LA única y fundamental razón por la que el PP debería ser el último en pedir que Inés Arrimadas se presente a la investidura es la de que Rajoy eludió su turno en situación similar, con regate incluido al mismísimo jefe del Estado. Pero ese argumento sólo afecta a los marianistas, sin invalidar las razones objetivas por las que podría resultar conveniente que la ganadora de las elecciones catalanas diera ese paso. Que son, en primer lugar, la oportunidad de hacer visible su victoria con un discurso razonable y contundente ante un nacionalismo en guerra civil encubierta y desnortado, y en segundo término la necesidad de tomar la iniciativa del bloqueo y poner en marcha la cuenta atrás del calendario. Existe una tercera razón, más discutible por afectar a la estrategia política de Ciudadanos, y es que podría tratarse de la ocasión propicia para confirmar las buenas expectativas nacionales del partido con un golpe de audacia en el momento adecuado. Aunque acaso ése sea precisamente el motivo por el que Rivera se muestra reticente a arriesgarse al desgaste delegado de su liderazgo.
Arrimadas ganaría ese debate aunque perdiese la votación, cuyo resultado negativo está garantizado. Ya ha demostrado que para enfrentarse al soberanismo le sobra coraje, aplomo y desparpajo, y que la Cataluña constitucionalista tiene en ella una representación sobresaliente capaz de defender en las instituciones autonómicas un criterio firme, integrador y sensato. Quizá Rivera prefiere no exponerla a la erosión de un envite innecesario, pero hay veces en que la política requiere gestos de valentía, resoluciones bizarras, atrevimientos gallardos. Ante un bloque independentista cuarteado y a punto de shock se pueden hacer dos cosas: apretarle las tuercas con una alternativa moralmente pujante o dejar que sus propias contradicciones lo empujen al colapso. La segunda opción es la que escogería Rajoy: una especie de marianismo sin Mariano.

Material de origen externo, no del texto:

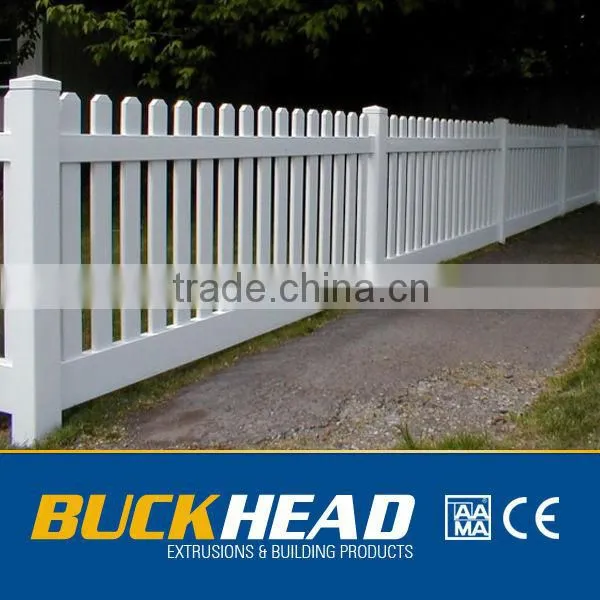 Vinyl Picket Fence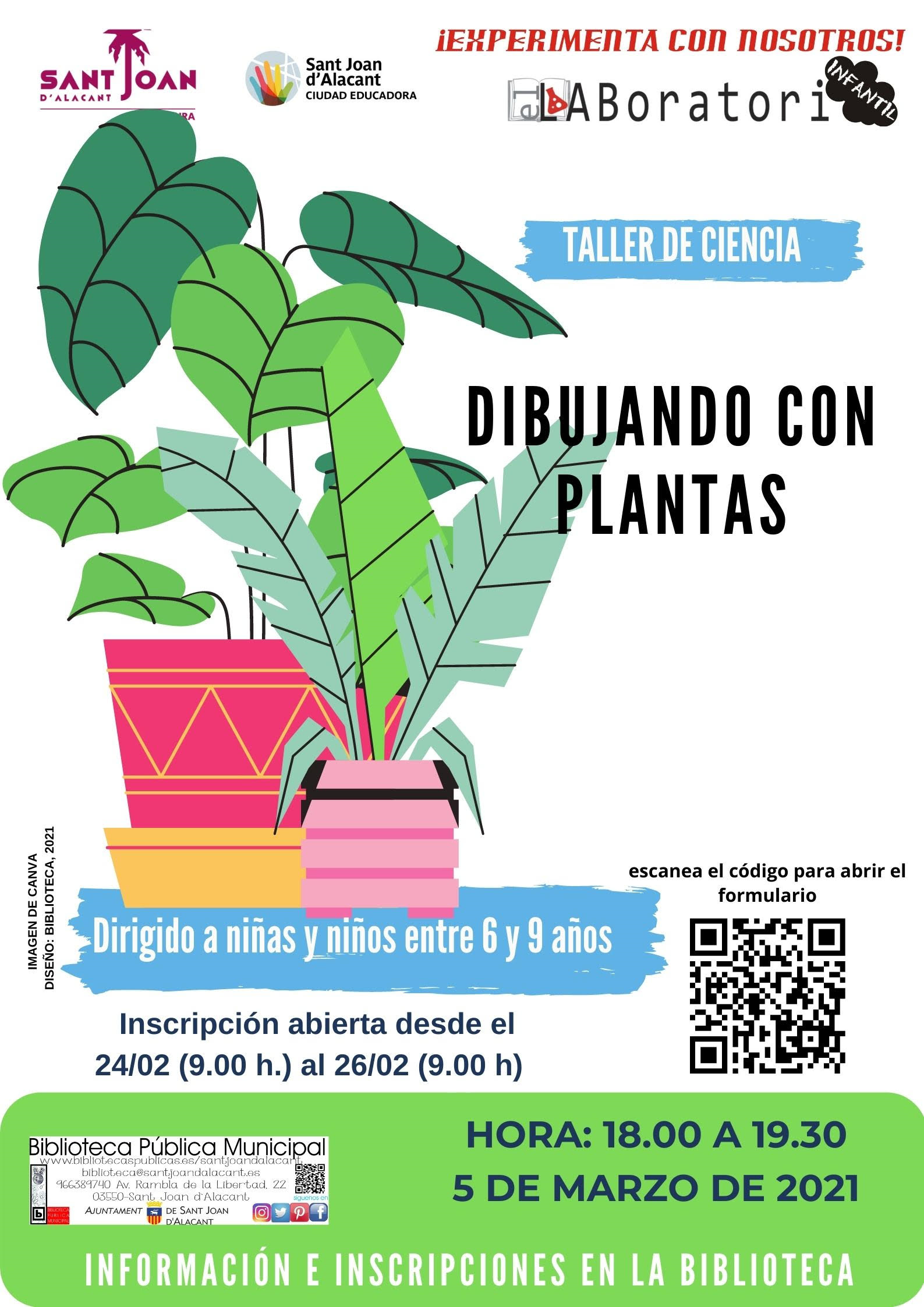 CARTEL TALLER CIENCIAS 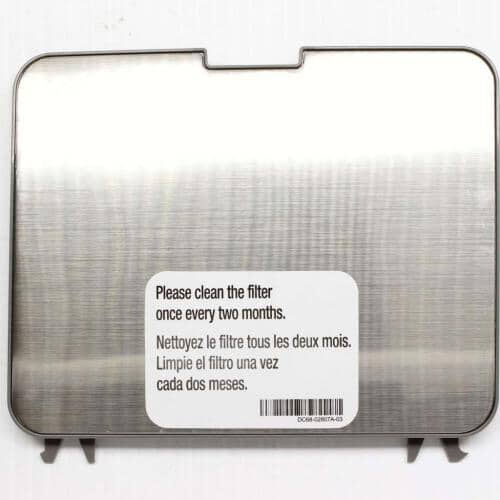 DC97-16018F Washer Filter Cover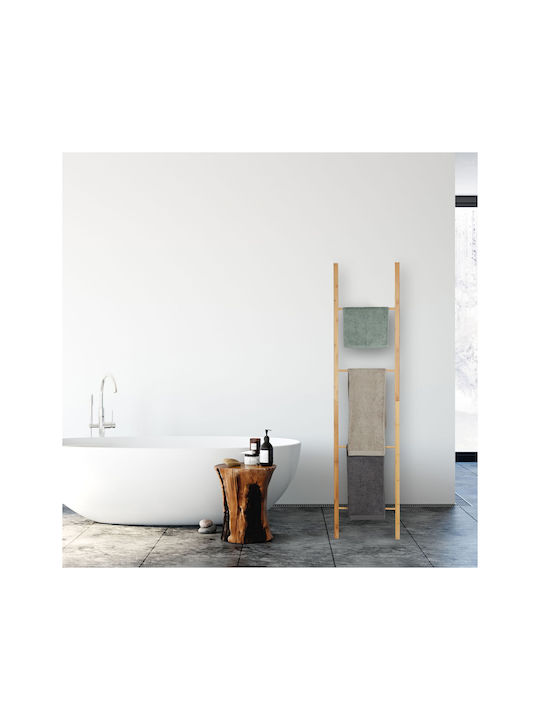 Relaxdays Suport Prosoape De Pardoseală 42x180cm Maro
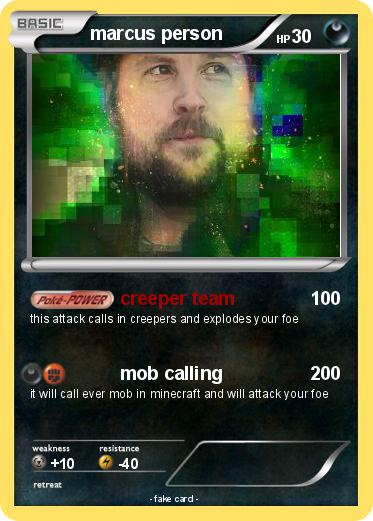 Pokemon marcus person
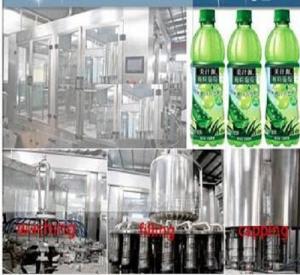 Beverage Production Line  for bottle use System 1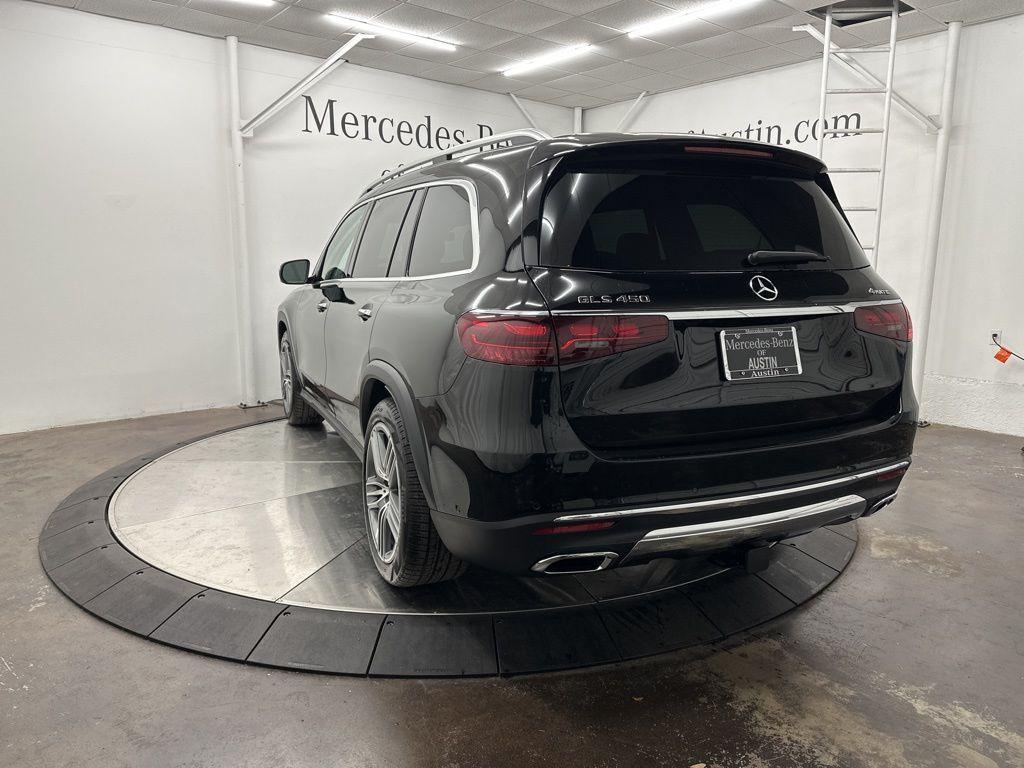 new 2025 Mercedes-Benz GLS 450 car, priced at $92,110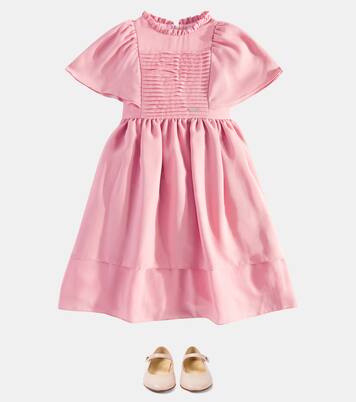 Pleated tiered dress | Patachou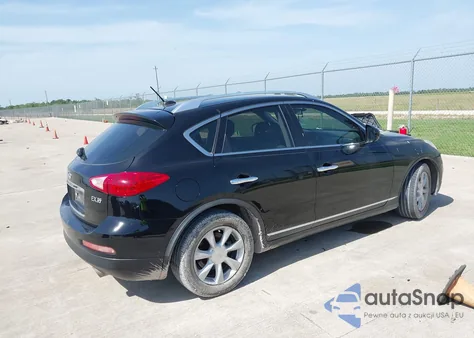 2009 Infiniti Ex35 from USA, damaged, VIN JNKAJ09E09M900613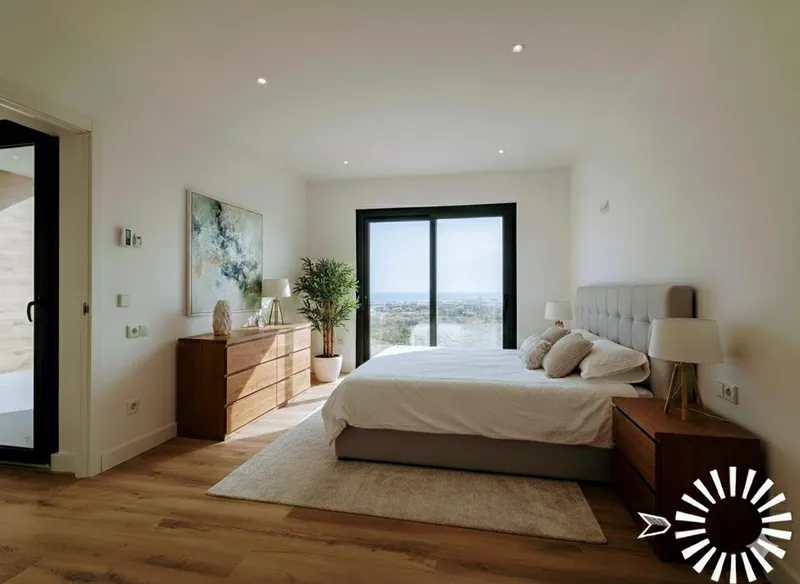 Stunning contemporary design house with spectacular sea views in Son Servera — photo 11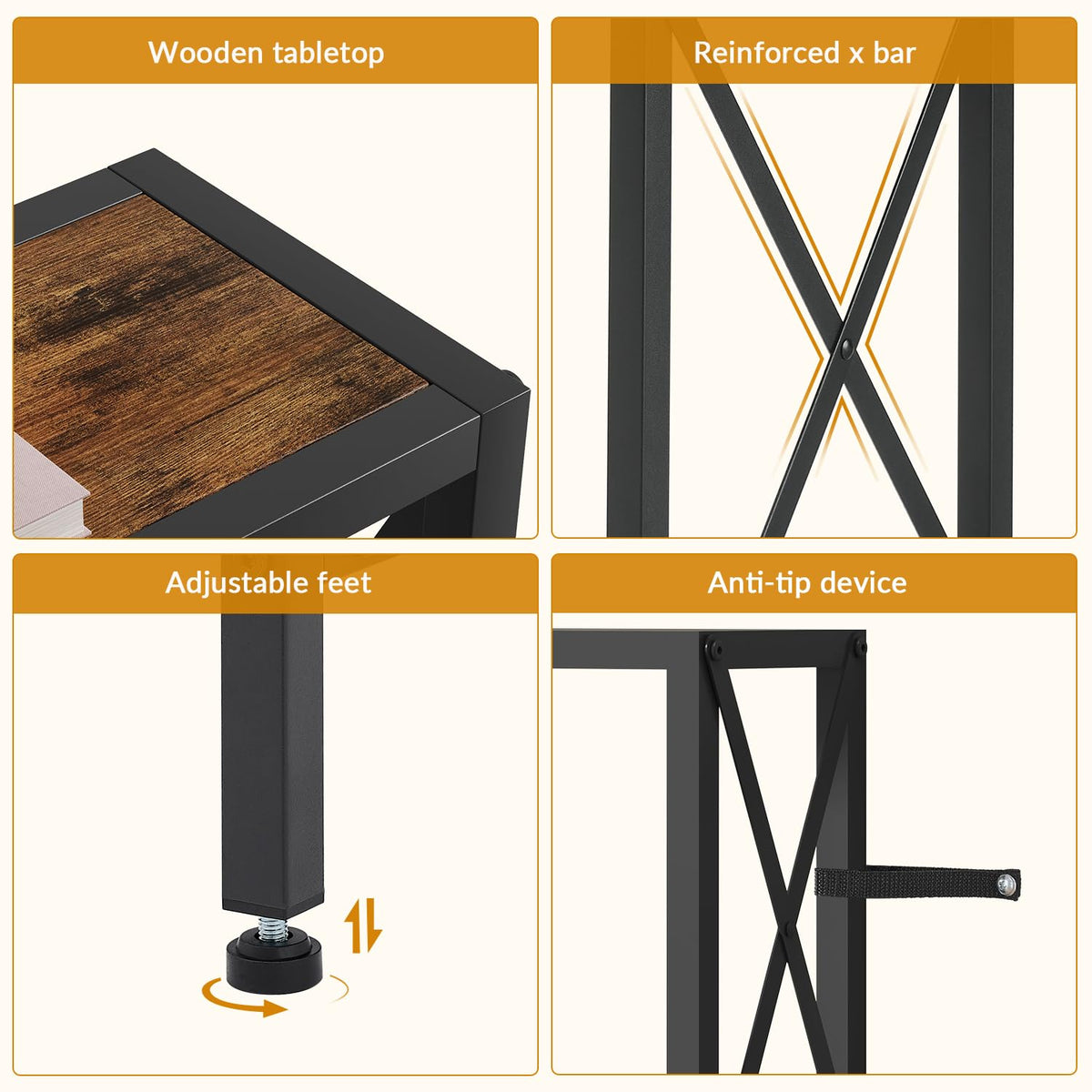 Narrow Console Table with Socket Z209680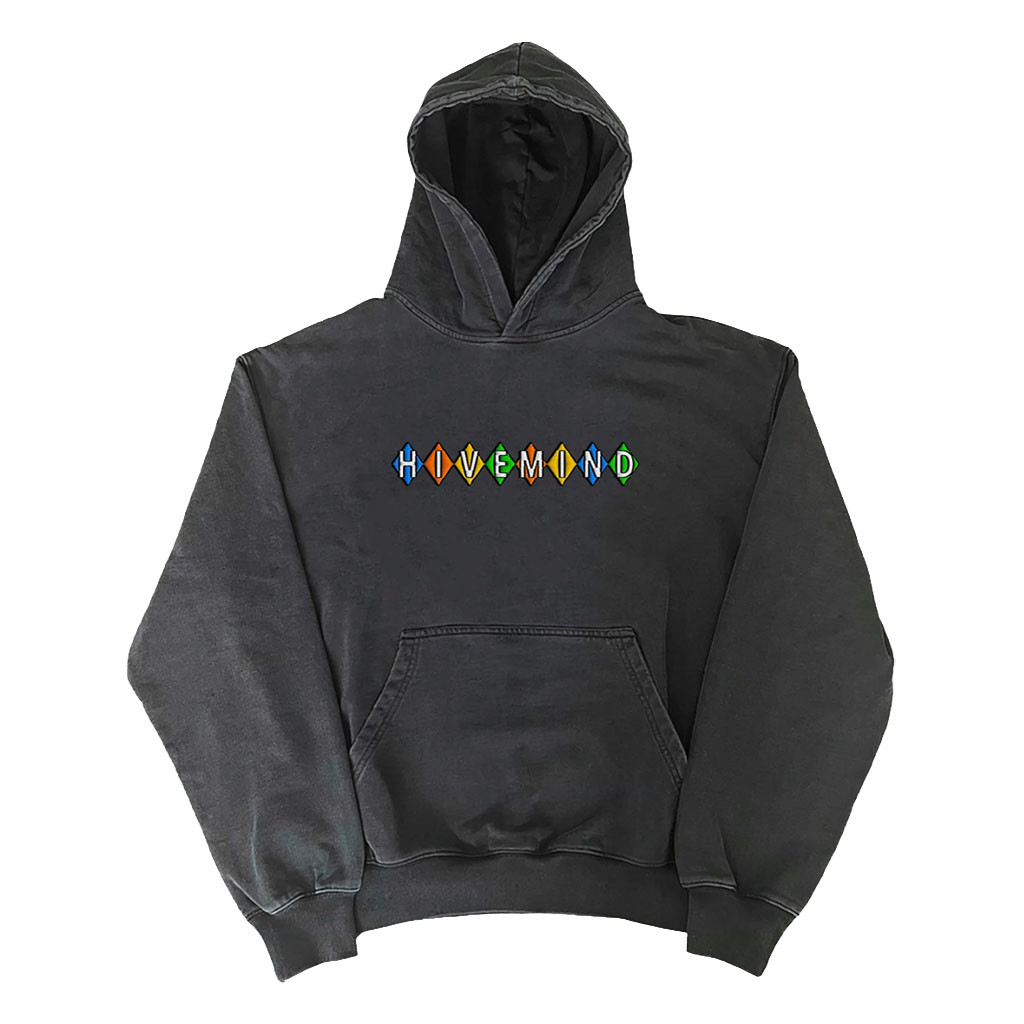 Hivemind Merch 2026 Hivemind Diamond Logo Hoodie Gifts For Your Boyfriend - Kdjoy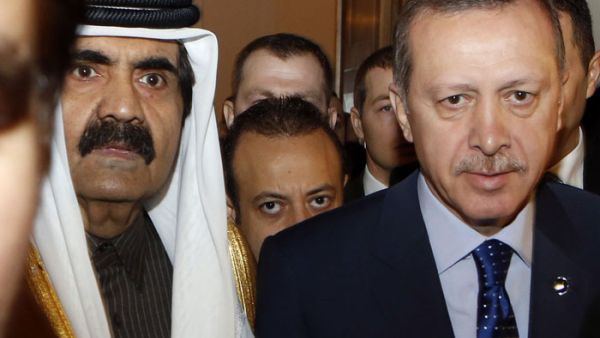 أردوغان طلب في خطاب رسمي، إرسال مجموعة من القوات الخاصة الأميرية القطرية كحراس لحماية شخصه 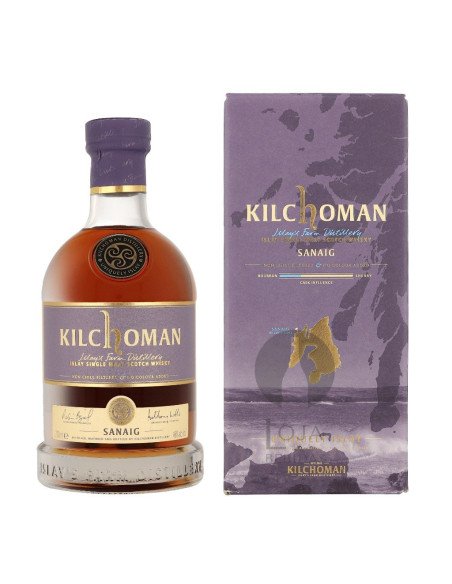 Whisky Kilchoman Sanaig + Caixa 70 cl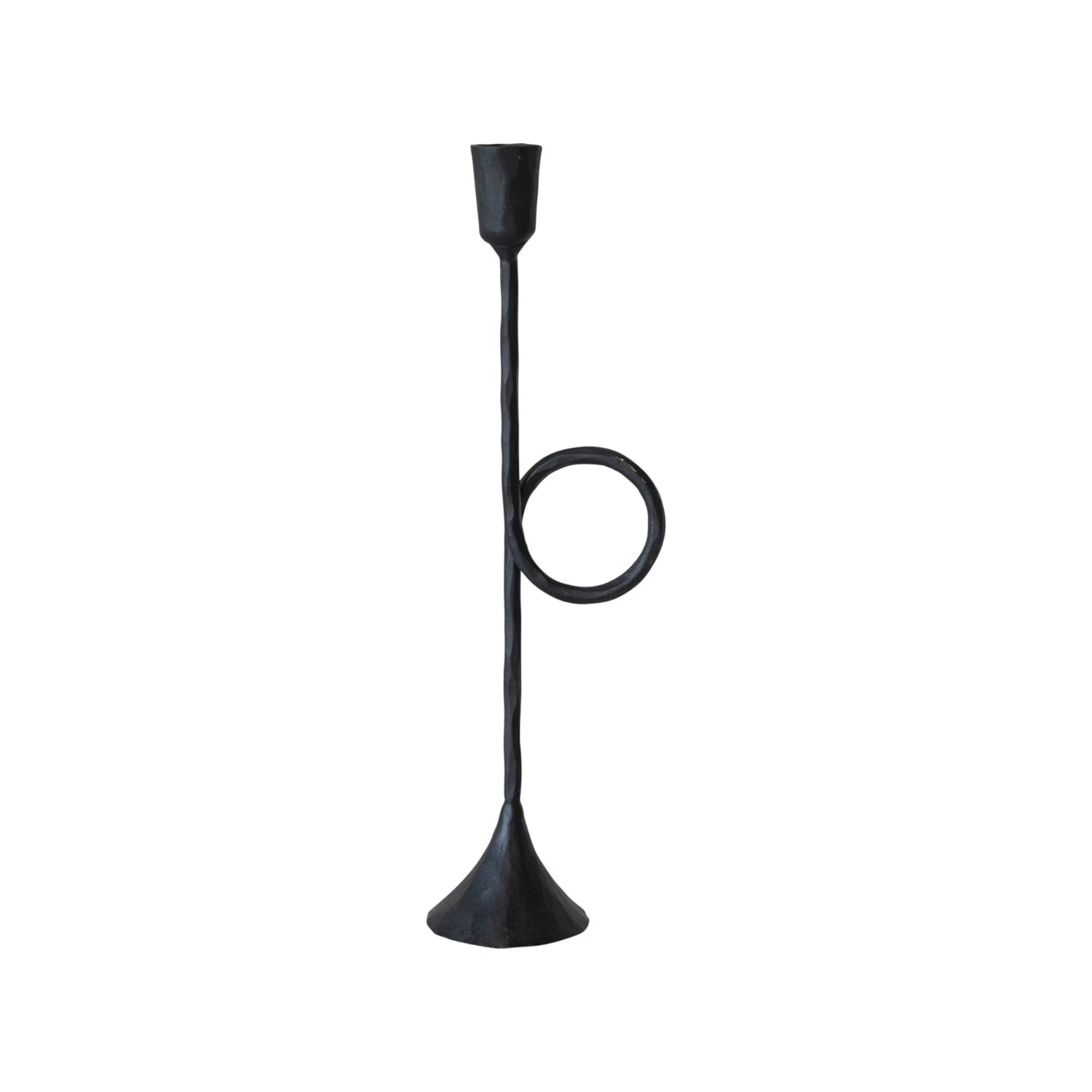 Harper Candlestick - Black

La primera es la que le gustaría ver a una nación harta del protagonismo separatista y de su pesadísimo bucle de mitos y agravios.
Por un curioso efecto de autoconvencimiento del electorado, fruto de su propio descontento y cansancio, la valoración de Cs crece más por lo que los votantes quieren creer que representa que por lo que tiene acreditado. Ese limbo de virginidad, relativamente descomprometida, le permite hacer de coche escoba que recoge el sufragio del desencanto. Sin embargo, para alcanzar el poder, y sobre todo para merecerlo, no basta siempre con esperar: hay que ganárselo. Apostar por la responsabilidad en momentos críticos sin miedo al fracaso. Por su excesivo conservadurismo, cachazudo o timorato, a Rajoy se le escapan apoyos a puñados; va a llegar un momento en que Rivera tendrá que asumir compromisos arriscados, serios, ásperos. El de Cataluña es de los que pasan factura a quienes se cruzan de brazos.